__Brief__. The first line to keep is the one containing "LIQUID CLEANSER Baby"; restate it and all lines after it through the end of the material, word for word and nothing else.

__Data extracts__.
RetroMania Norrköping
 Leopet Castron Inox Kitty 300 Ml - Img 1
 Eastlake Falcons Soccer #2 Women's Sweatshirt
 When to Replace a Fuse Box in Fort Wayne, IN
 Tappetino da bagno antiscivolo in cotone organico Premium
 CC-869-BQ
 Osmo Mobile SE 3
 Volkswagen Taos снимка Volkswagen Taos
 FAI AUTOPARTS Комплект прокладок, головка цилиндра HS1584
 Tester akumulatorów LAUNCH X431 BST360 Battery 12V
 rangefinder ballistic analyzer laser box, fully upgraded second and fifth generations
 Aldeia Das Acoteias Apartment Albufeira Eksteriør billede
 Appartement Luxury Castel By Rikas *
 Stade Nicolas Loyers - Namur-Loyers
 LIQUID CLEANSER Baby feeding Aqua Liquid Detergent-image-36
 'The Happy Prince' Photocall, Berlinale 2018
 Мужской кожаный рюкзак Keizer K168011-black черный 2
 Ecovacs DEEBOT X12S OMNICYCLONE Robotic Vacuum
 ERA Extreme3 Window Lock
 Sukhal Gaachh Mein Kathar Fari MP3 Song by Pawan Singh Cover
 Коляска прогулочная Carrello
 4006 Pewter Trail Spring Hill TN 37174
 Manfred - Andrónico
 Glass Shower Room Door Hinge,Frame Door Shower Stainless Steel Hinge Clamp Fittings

__Final answer__.
 LIQUID CLEANSER Baby feeding Aqua Liquid Detergent-image-36
 'The Happy Prince' Photocall, Berlinale 2018
 Мужской кожаный рюкзак Keizer K168011-black черный 2
 Ecovacs DEEBOT X12S OMNICYCLONE Robotic Vacuum
 ERA Extreme3 Window Lock
 Sukhal Gaachh Mein Kathar Fari MP3 Song by Pawan Singh Cover
 Коляска прогулочная Carrello
 4006 Pewter Trail Spring Hill TN 37174
 Manfred - Andrónico
 Glass Shower Room Door Hinge,Frame Door Shower Stainless Steel Hinge Clamp Fittings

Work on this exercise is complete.